A new lesion with different histologic type as the previous tumor in the same site and occurring synchronously (within 2 months) is to be regarded as a new primary tumor.
A new lesion in the same site occurring metachronously (2 months or more after the primary diagnosis) is counted as a new primary tumor regardless of histologic type, unless it is confirmed as a metastatic lesion.
A new lesion in different site with either the same or different histologic type is to be considered as a new primary tumor regardless of time, unless it is stated to be a metastatic lesion.

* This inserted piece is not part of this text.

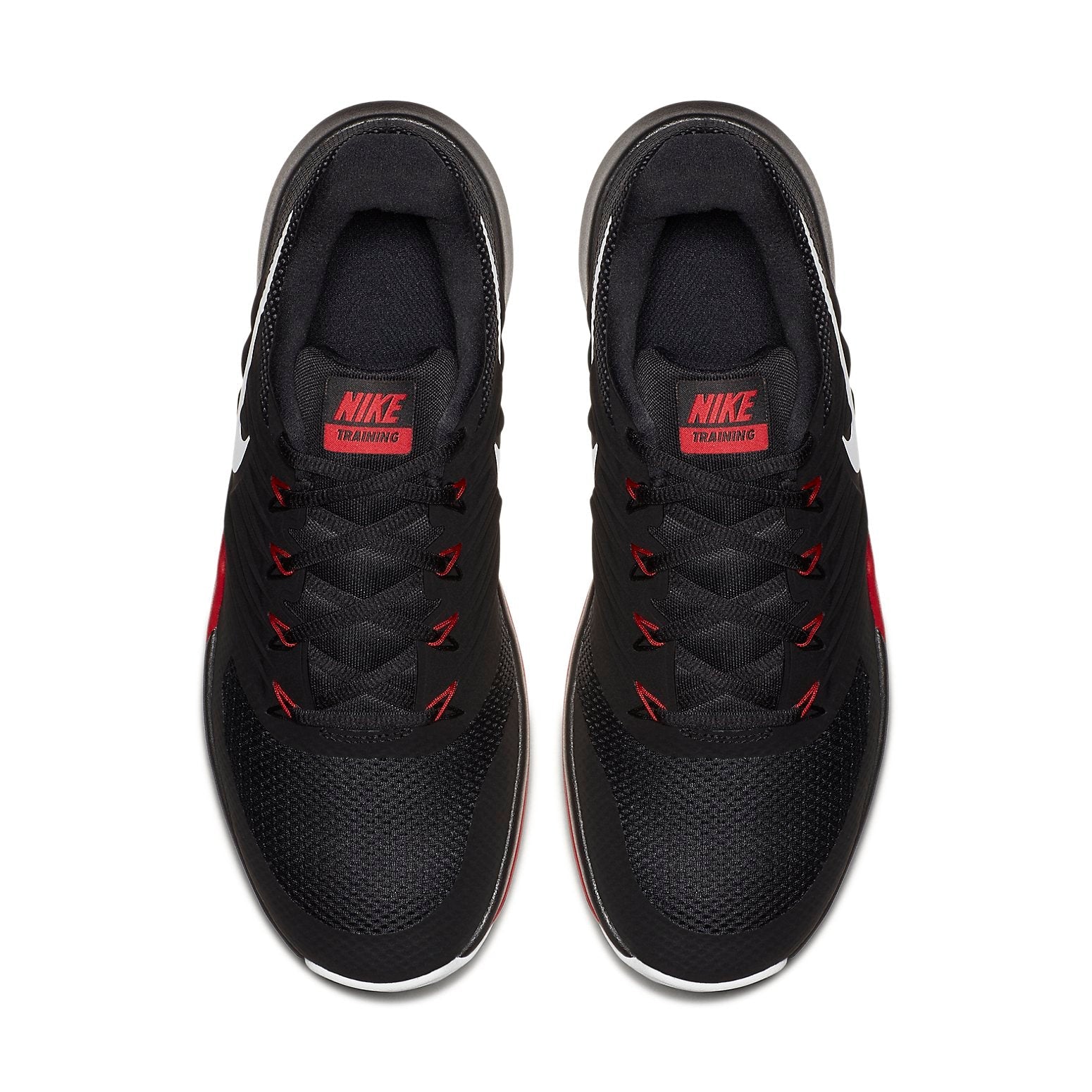 Nike Lunar Prime Iron II 'Black Gym Red' 908969-006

For paired organs, synchronous bilateral tumor with only one histologic type is considered as a single primary tumor; bilateral tumor with two different histologic types is considered two primaries unless stated to the contrary.
Outcome and covariates
The primary outcome of the current study was the occurrence of SPC in female BC patients, and SPCs were further classified as second primary BC and second primary non-BC. Death as the result of any cause before SPC was defined as a competing event. Demographic covariates included age at initial diagnosis of BC and race (White, Black and Asian/Pacific Islander). We categorize age into <50, 50~, 60~, and 70~, because 1) female breast cancer patients after menopause are at higher risk of developing a new malignancy , 2) menopause is reported starts from the age of 50 in the United States , 3) 10-year-old age groups are commonly used in related studies [14, 28, 36]. Tumor characteristic covariates referred to laterality, tumor size, nodal status, hormone receptor (HR) status (Positive: either ER or PR was positive; Negative: both ER and PR were negative), histology (Ductal, Lobular, Mixed and Other), grade (I: well-differentiated, II: moderately-differentiated, III: poorly-differentiated and IV: undifferentiated), SEER stage (Localized and Regional). In this study population, radiotherapy was given to 78.1% of patients treated with lumpectomy, and 72.9% of patients treated with mastectomy were not given radiotherapy. Therefore, treatment was categorized into four types: mastectomy alone, mastectomy plus radiotherapy, lumpectomy alone and lumpectomy plus radiotherapy.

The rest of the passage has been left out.